Exclusive: Energy department commissions review into disturbance from turbine noise in order to decide when annoyance becomes unacceptable
Noisy wind farms that disturb local communities could be banned, after ministers launched an unprecedented review into the annoyance they cause.
In the first official admission that wind turbine noise can adversely affect local residents, the Department of Energy and Climate Change (DECC) has commissioned an independent investigation to assess the levels of sound wind farms produce and the extent of disturbance caused as a result.
Experts from the Institute of Acoustics will conduct the research next year, the Telegraph has learnt, and ministers across Government will then use the data to decide at which point the annoyance officially becomes “unacceptable”.
The review is likely to lead to tighter planning guidance for new wind farms and could force existing wind farm operators to restrict their turbines’ operation to stay within the limits.

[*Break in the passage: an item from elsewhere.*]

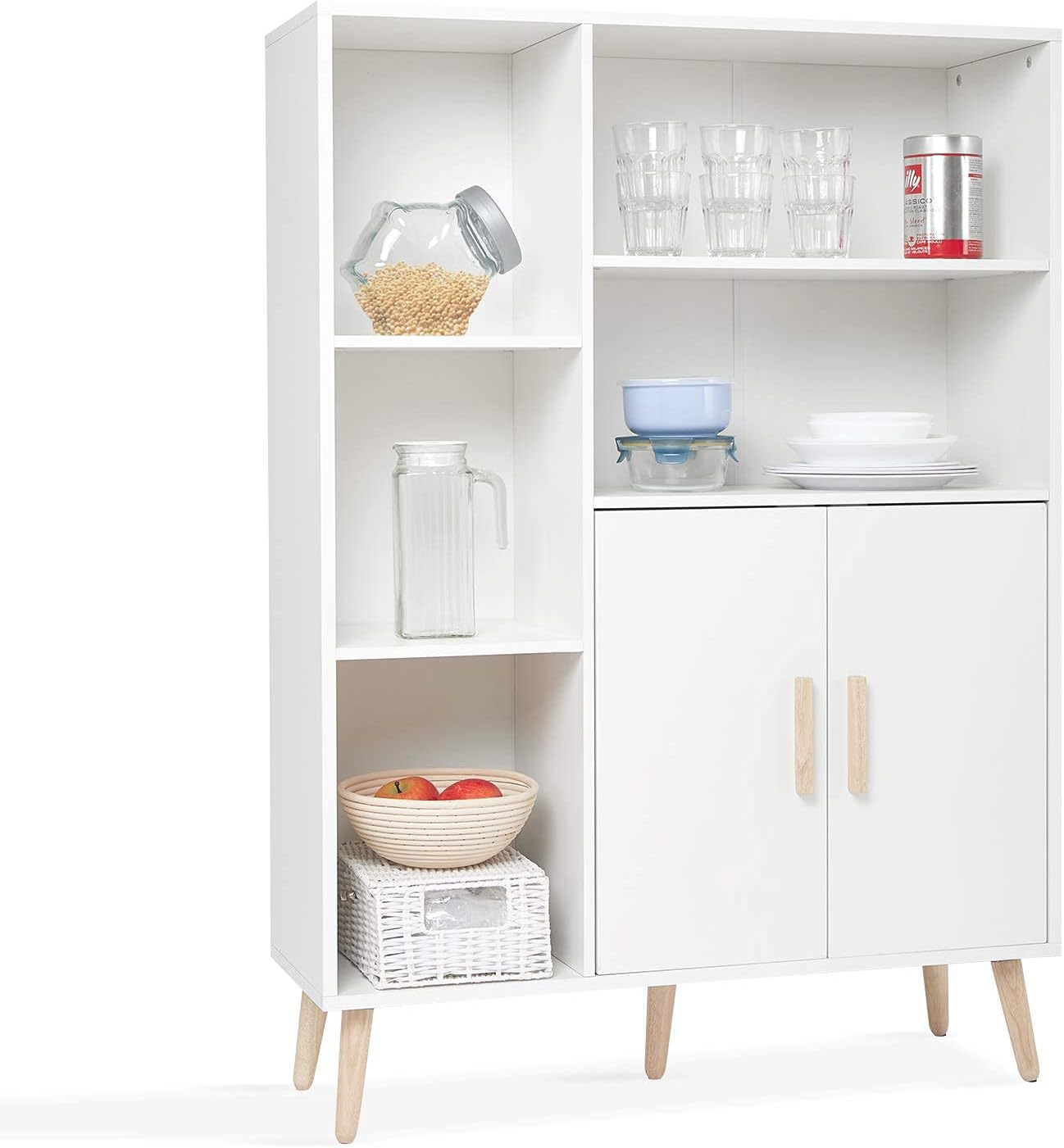 Mondeer Sideboard Storage Cabinet Cupboard 2 Doors 5 Compartments Adjustable Partition Wooden Modern Style for Living Room Bedroom Kitchen 85 x 30 x 120 cm, White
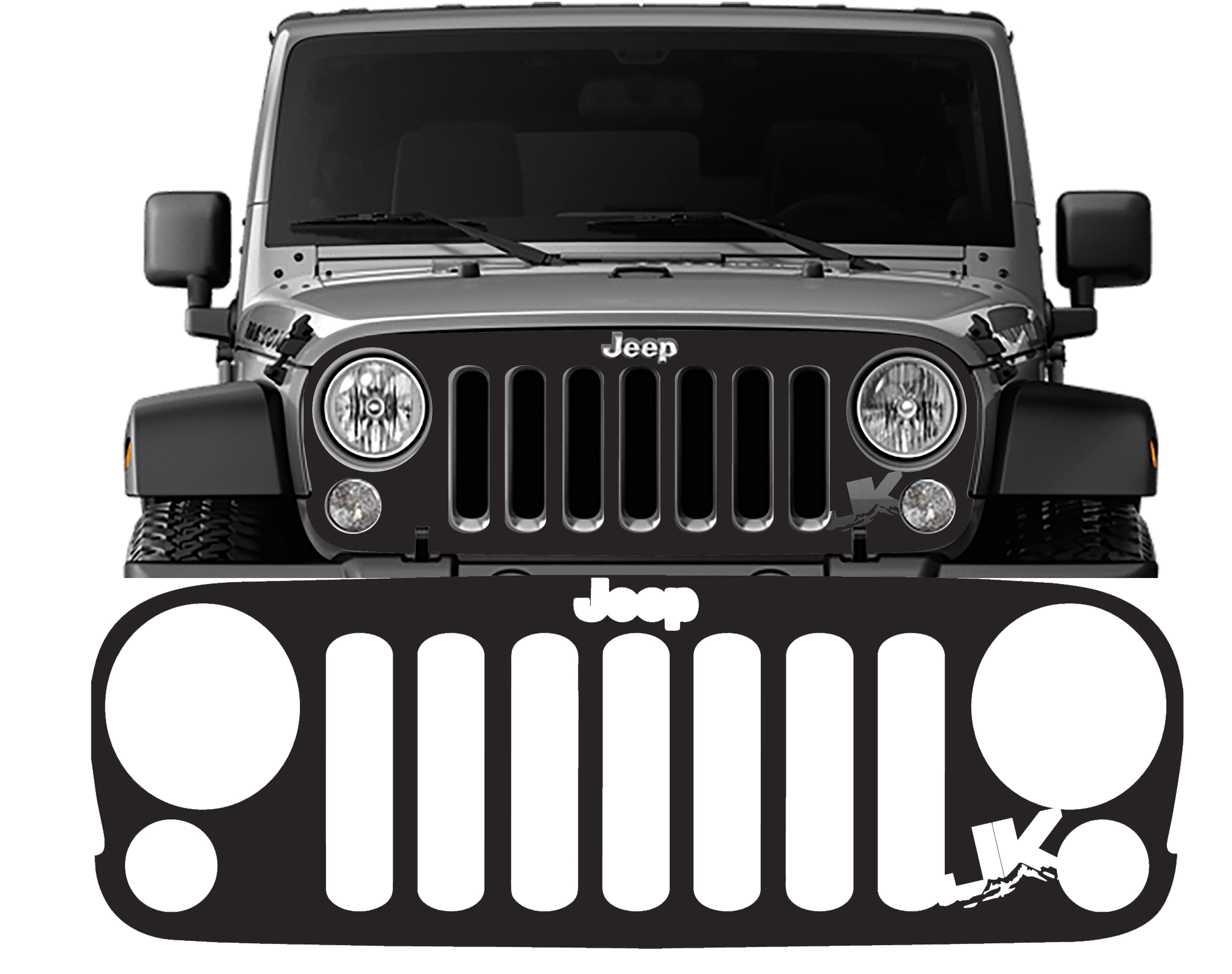 JK/JKU 07 - 18 Grille Vinyl Decal Overlay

It is also likely to open the door to claims for compensation by residents subjected to noise above the official nuisance threshold.
Many residents living near wind farms have complained of noise disturbance, while studies have linked wind turbine noise to poor sleep and mental health.
As well as the routine “swishing” noise of the blades spinning, turbines can sometimes produce “thumping” noises when sudden variations in the wind speed cause the blades to stall.
Current planning guidance limits the swishing noise to 43 decibels at night-time for the nearest property but does not deal with the thumping noises, which are a deeper pitch and can be heard at 40 decibels a kilometre away from the turbine.
Residents near some wind farms have likened the noise to a cement-mixer or a shoe stuck in a tumble-dryer.
A source said the new review would consider all types of turbine noise. “Everything is on the table,” they said.
Developers could be forced to use software to adjust the angle of the blades to prevent the thumping being caused at an unacceptably annoying level.
A spokesman for the DECC said: “This review should empower local people to stop disruptive wind farms and make sure local authorities have all the information they need before giving a planning application the green light.”
The review is expected to be completed by June. While the Institute of Acoustics will independently draw up the index of noise annoyance, the decision over what will be deemed an acceptable threshold will be a political decision for the next Government.
The Conservatives have already pledged an effective ban on new onshore wind farms if they win the election, by ending subsidies for those projects that do not already have planning permission. They have also pledged that all future onshore wind farm planning decisions would be determined by local authorities, instead of large projects being deemed nationally significant.
Matthew Hancock, the Conservative energy minister, said: “It’s important that we maximise the potential of domestic energy resources but we must do this in a responsible way. We cannot jeopardise our green and pleasant land.”
Ed Davey, the Lib Dem energy secretary, has heavily criticised the Conservative plan to ban onshore wind, arguing it would push up consumer bills by forcing the UK to build more expensive types of renewable technologies such as offshore turbines to hit green targets.
Wind industry body Renewable UK said it had already conducted extensive research into the extent of the thumping problem – known as Other Amplitude Modulation – and had devised the ways of tackling it.
Independent research published by the lobby group late last year had helped “to pinpoint when, where and how this sound varies”, Gemma Grimes, the group’s Director of Onshore Renewables said.
“We found that this can be addressed by using computer software to adjust the way turbines operate, changing the angle of the blades to minimise the sound levels.
"We’re hoping that this will now be incorporated within the Institute of Acoustics’ existing Good Practice Guidance document," she said.
But she said she did not believe the existing guidance on swishing noises would or should be changed. “In this [Institute of Acoustics] guidance, which they published last summer, there was no question of changing the current noise limits, which are rightly very stringent, so we wouldn’t expect any alteration in that when they update the current document,” she said.